Restore from trainrun file:

restore_response = stub.RestoreTrainRun(
    cuvis_ai_pb2.RestoreTrainRunRequest(
        trainrun_path="outputs/my_experiment/trainrun.yaml",
        weights_path="outputs/my_experiment/weights.pt",  # optional
        strict=True,
    )
)

print(f"Restored session: {restore_response.session_id}")

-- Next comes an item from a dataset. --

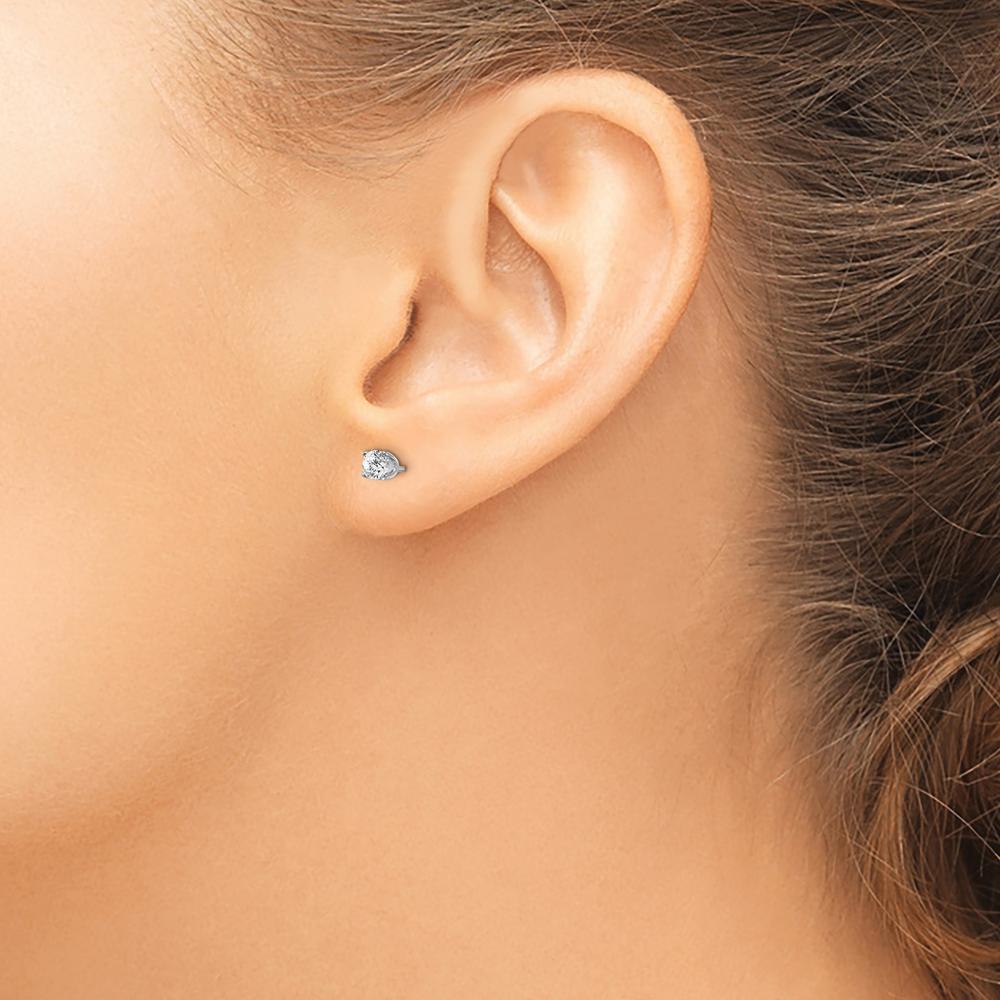 14K White Gold Diamond Stud Earrings with 0.436 Carat Total Diamond Weight by 0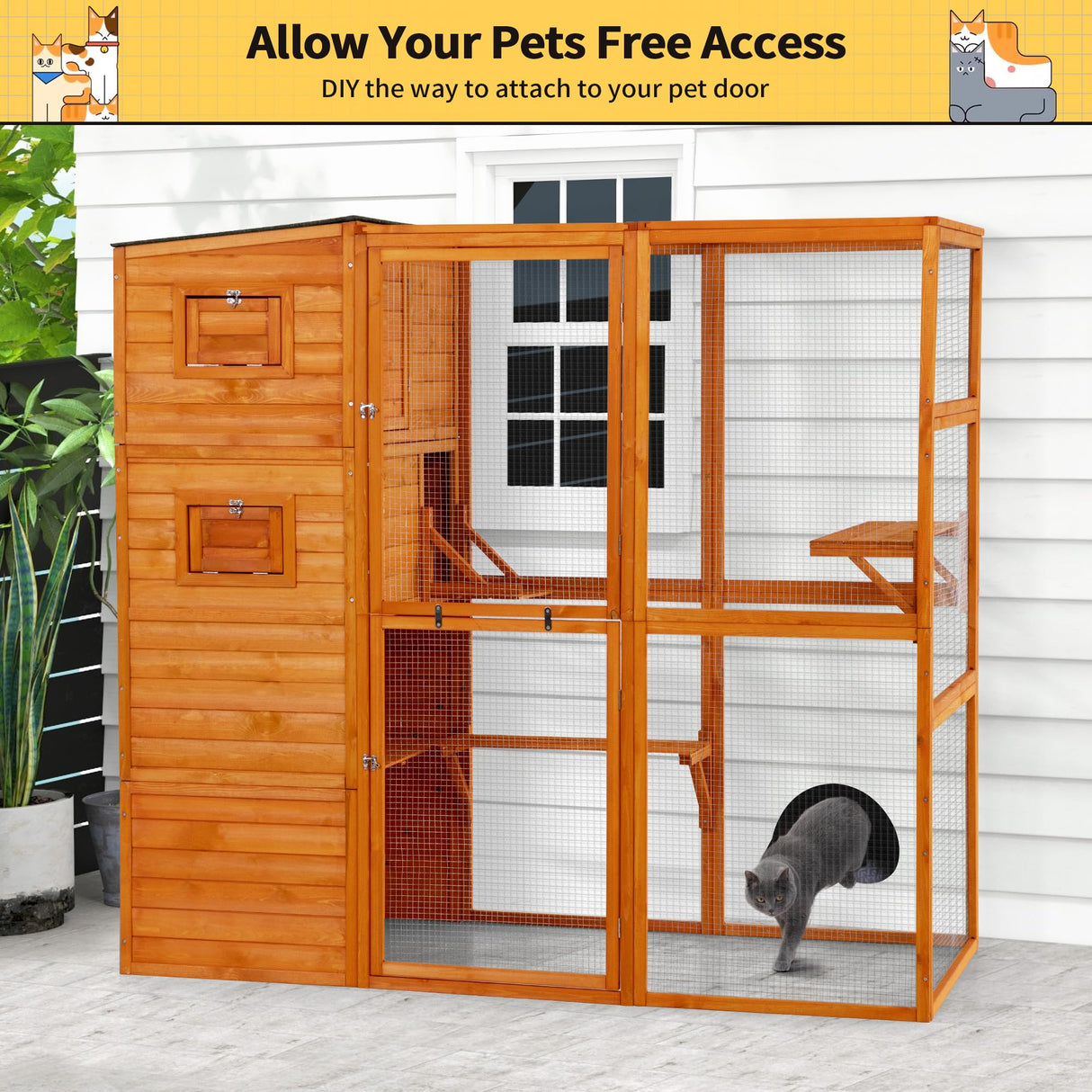 COZIWOW Large Wood Cat Catio, Outdoor Cat Enclosure with Weatherproof Roof, 2 Resting Rooms, 2 Platforms, 4-Tier Cat Playpen, Orange COZIWOW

Continue training from checkpoint:

# Restore trainrun
restore_response = stub.RestoreTrainRun(
    cuvis_ai_pb2.RestoreTrainRunRequest(
        trainrun_path="outputs/my_experiment/trainrun.yaml",
        weights_path="outputs/my_experiment/checkpoints/epoch=10.ckpt",
    )
)

# Continue training
for progress in stub.Train(
    cuvis_ai_pb2.TrainRequest(
        session_id=restore_response.session_id,
        trainer_type=cuvis_ai_pb2.TRAINER_TYPE_GRADIENT,
    )
):
    print(format_progress(progress))


Complete Examples

Example 1: Statistical Training

File: examples/grpc/statistical_training_client.py

from workflow_utils import (
    build_stub, create_session_with_search_paths,
    resolve_trainrun_config, apply_trainrun_config, format_progress
)
from cuvis_ai_core.grpc import cuvis_ai_pb2

# Connect to server
stub = build_stub("localhost:50051")

# Create session
session_id = create_session_with_search_paths(stub)

# Resolve trainrun config
resolved, config_dict = resolve_trainrun_config(
    stub,
    session_id,
    "rx_statistical",
    overrides=[
        "data.batch_size=4",
        "training.trainer.max_epochs=1",
        "training.seed=42",
    ],
)

# Apply config
apply_trainrun_config(stub, session_id, resolved.config_bytes)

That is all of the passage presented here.